Obama's economic argument got a little tougher on Tuesday. New surveys showed U.S. manufacturing shrank at its sharpest clip in more than three years last month, while exports and hiring in the sector also slumped.
As the convention opens, the task for Obama and his allies will be to persuade voters disappointed by his first White House term that things will be better the second time around, while portraying the budget-slashing economic remedies offered by Romney and Ryan as unacceptable alternatives.
While Republicans focused on attacking Obama and helping voters get to know Romney during their convention, the Democrats' goal will be to keep up voter enthusiasm for an incumbent in tough economic times.
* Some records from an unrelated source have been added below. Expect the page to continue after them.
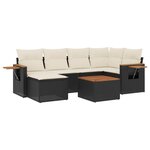 vidaXL Salon de jardin 7 Pièces avec coussins noir résine tressée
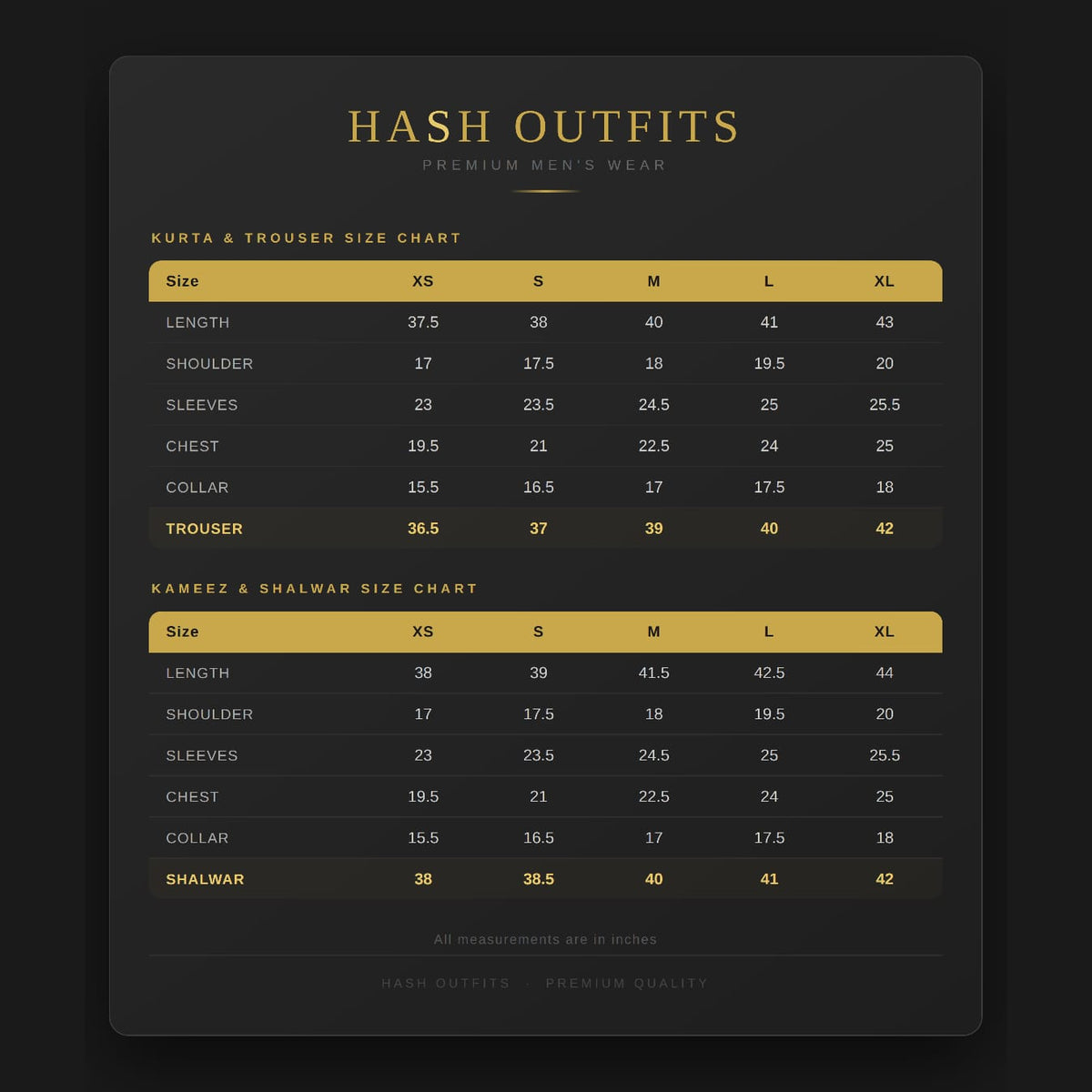 Men's Stitched Suits Inventory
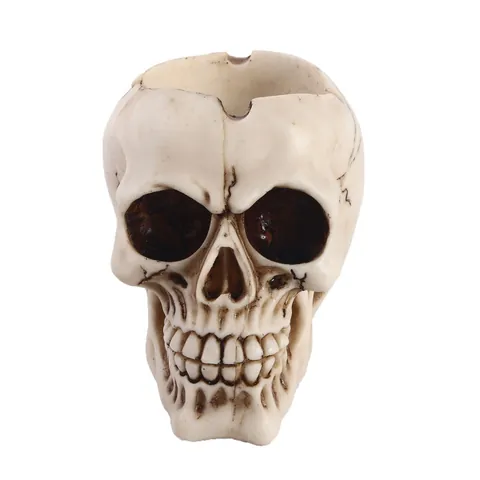 Realistischer Kunstharz Skelett Totenkopf Aschenbecher Gotisch Vintage Stilett Totenkopf Desktop Ornament Halloween Deko Geschenk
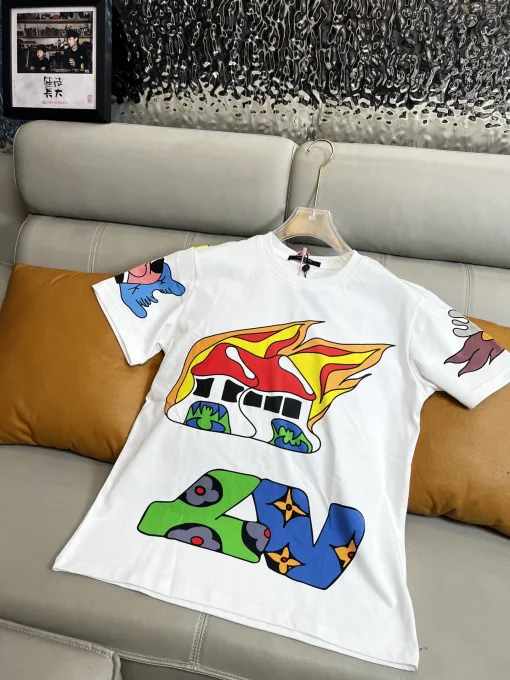 Luxus Louis Vuitton Kurzarm Weiß Seide Grafik Stil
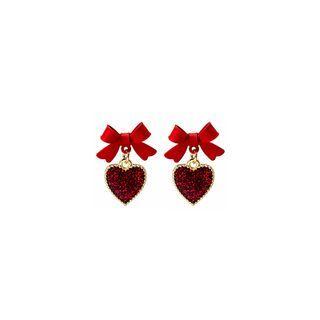 Bow Heart Rhinestone Dangle Earring E4810-1 - Red - One Size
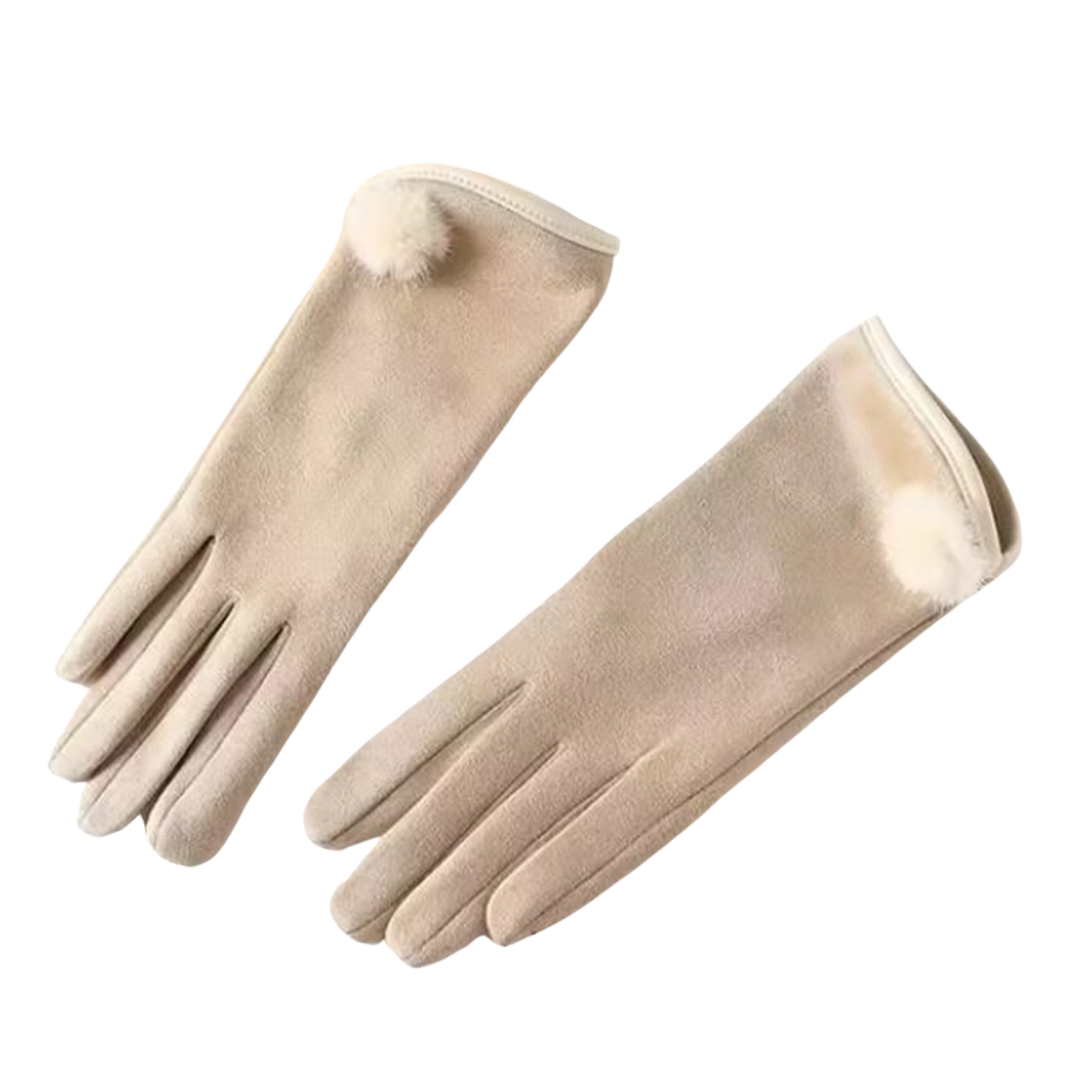 Fashion Touch Screen Cream Gloves with Pom Pom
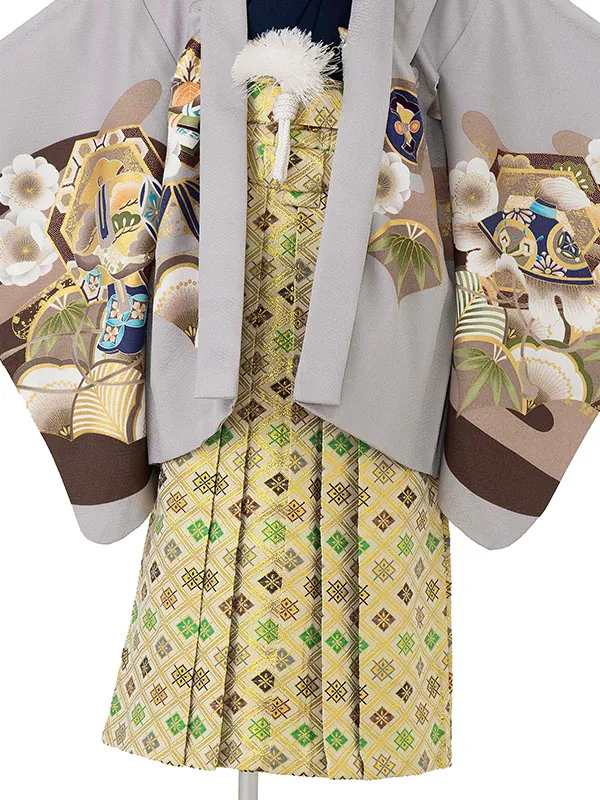 かんたん七五三レンタル(5歳6歳男児袴) グレー鷹×金袴 Y188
They said they will highlight Obama's successes during his first term - from ordering the mission that killed al Qaeda leader Osama bin Laden to the bailout of the auto industry - while reminding voters of the difficulties Obama faced when he took office.
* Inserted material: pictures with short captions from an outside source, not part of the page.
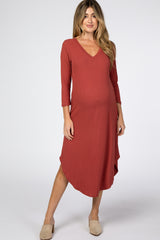 Rust Ribbed Curved Hem Maternity Midi Dress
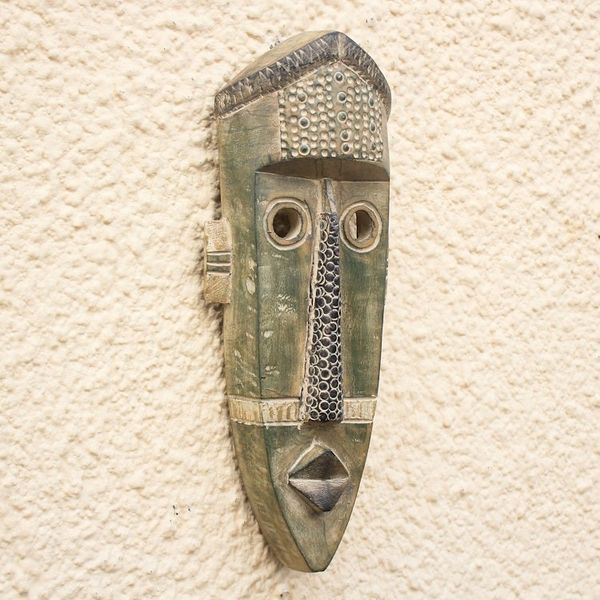 Alternate image for Original Green West African Hand-Carved Sese Wood Wall Mask Green Giant
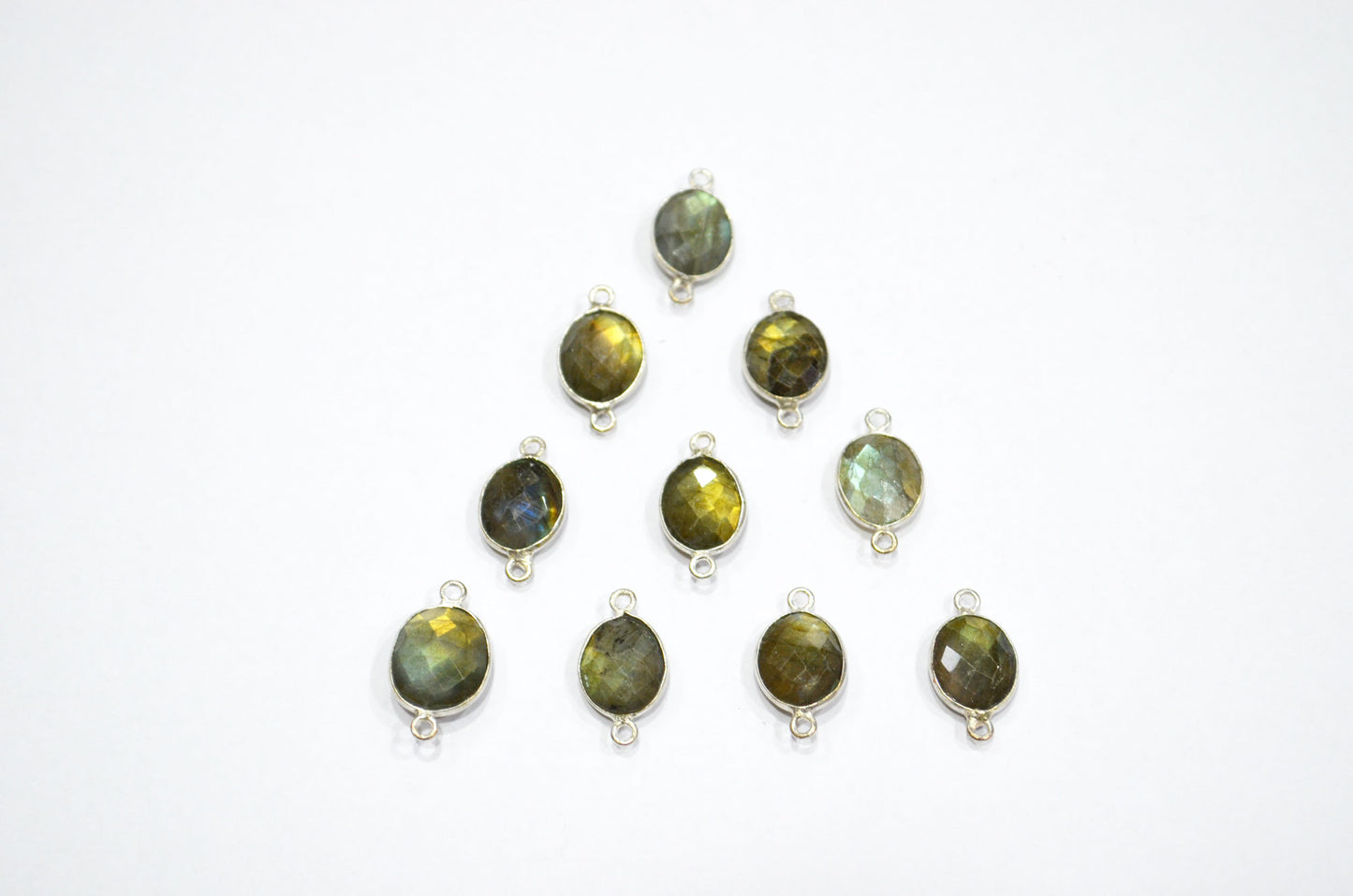 Labradorite Faceted Oval Shape Connector , Sold By Piece , 11 - 13 mm , RB-5420B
Organizers were nervously watching the weather. Scattered thunderstorms were predicted for Thursday night when Obama is scheduled to give his speech in an open-air stadium. If necessary, the speech could be moved back to the much smaller basketball arena that hosts the first two sessions.
Romney and Obama are running close in opinion polls ahead of the November 6 election, but Obama hopes to get more of a convention "bounce" in polls than Romney, who gained a few percentage points at most from the Tampa, Florida, event.
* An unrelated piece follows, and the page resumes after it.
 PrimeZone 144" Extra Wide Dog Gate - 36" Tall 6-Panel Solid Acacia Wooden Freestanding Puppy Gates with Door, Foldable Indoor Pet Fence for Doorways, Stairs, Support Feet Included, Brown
A Reuters/Ipsos online poll on Tuesday gave Romney a 1-point edge on Obama, 46 percent to 45 percent, a slight improvement from Obama's 4-point lead before the Republican convention began last week.
But a Gallup poll on Monday showed Romney's speech last week got the worst scores of any convention acceptance address going back to 1996, when it began measuring them. Thirty-eight percent rated the speech as excellent or good; the previous worst had been Republican John McCain's in 2008, at 47 percent.
Democrats plan to use their convention to highlight the party's diversity, featuring a lineup of black, women, Hispanic and young speakers to appeal to the voting blocs that helped propel Obama to a comfortable victory in 2008.
The keynote speaker on Tuesday will be San Antonio Mayor Julian Castro, a Hispanic rising star in the party.
Michelle Obama's speech will counter a successful Republican convention appearance last week by Romney's wife, Ann, who helped present a softer and more personal side of Romney to voters, who polls show have had a hard time warming up to the sometimes stiff former Massachusetts governor.
"I think the first lady plays a special role because she will have personal perspective on the president's leadership - his grit and determination during a challenging time for our nation," Obama campaign spokesman Ben LaBolt said.
"She is a character witness for the president and someone who can address how he has made decisions as the nation has confronted these challenges," he said.
Obama planned to watch his wife's speech from the White House with his daughters. "I'm going to try not to let them see daddy cry," he told supporters at the Norfolk State University rally. "Because when Michelle starts talking, I start getting all misty."
Romney will give Obama the political spotlight and stay off the campaign trail for most of this week. He spent Tuesday in Woodstock, Vermont, preparing for the debates that begin on October 3.
The opening session will convene at 5 p.m. EDT (2100 GMT). Democrats will approve their non-binding party platform, which includes calls for higher taxes on the wealthiest Americans and support for same-sex marriage and a woman's right to abortion.
Former President Jimmy Carter will be featured in a video on Tuesday. Former President Bill Clinton will highlight Wednesday's slate of speakers in an address that could remind voters of his Democratic-led economic growth in the 1990s while appealing to the white working-class Democrats that Obama has had difficulty winning over.
The Obama campaign also plans to use the convention and Obama's speech on Thursday as an organizing tool to help them in North Carolina, a battleground state that Obama won in 2008 but polls show is too close to call this time around.